Une « très forte variabilité pourrait rendre l’estimation des crédits carbone attendus totalement fausse » rendant du coup impossible l’évaluation précise de la quantité de carbone stockée par ces écosystèmes dits « à carbone bleu », indiquent-ils.

En outre, « de nombreuses questions importantes relatives à la mesure des flux et du stockage du carbone n’ont pas encore été résolues, ce qui affecte la certification et peut entraîner une surcréditation ».

Renforcer la protection des écosystèmes

Le réchauffement climatique fait automatiquement référence à l’érosion de la biodiversité qui ébranle les fondements mêmes de nos économies, nos moyens de subsistance, la sécurité alimentaire, la santé et la qualité de vie dans le monde entier.

Pour les auteurs de l’étude scientifique publiée dans la revue Frontiers in Climate, « tous les efforts doivent être faits pour stopper, et si possible renverser, la perte globale de la végétation côtière. Les écosystèmes à carbone bleu sont plus que des puits de carbone. Ils protègent les communautés côtières des tempêtes, préservent la biodiversité, servent de nurseries à des espèces commerciales et améliorent la qualité de l’eau ».
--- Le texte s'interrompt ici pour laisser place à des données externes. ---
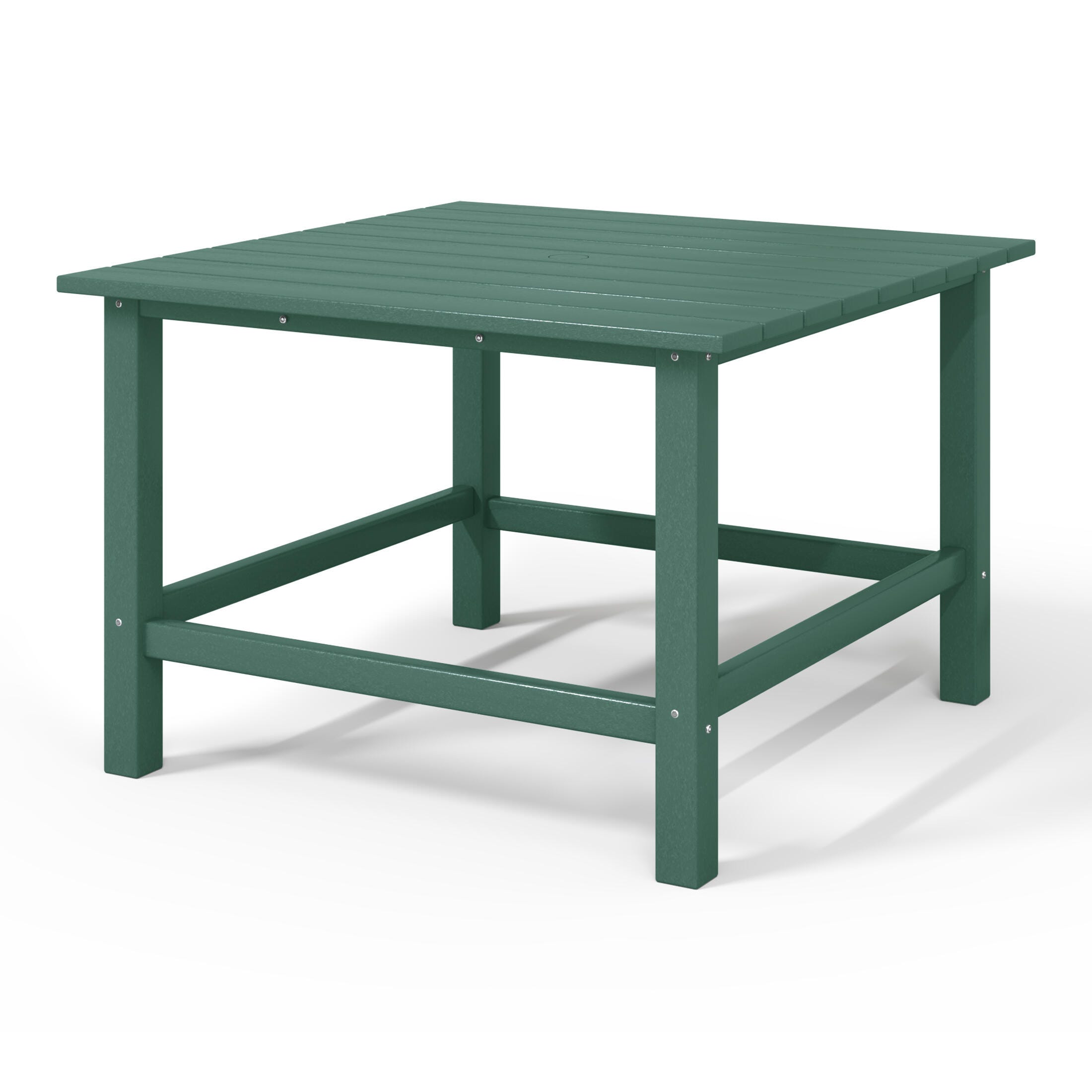 Westin Furniture Laguna Outdoor Dining Table, Dark Green, large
Les écosystèmes terrestres et marins constituent donc un élément de réponse essentiel contre le réchauffement climatique car ils façonnent le climat et en dépendent. Mieux, les écosystèmes sont source de nourriture, d’air respirable et d’eau propre. Les protéger ou les restaurer pourrait sensiblement contribuer à l’atténuation des changements climatiques en réduisant les émissions de gaz à effet de serre et en renforçant les puits de carbone.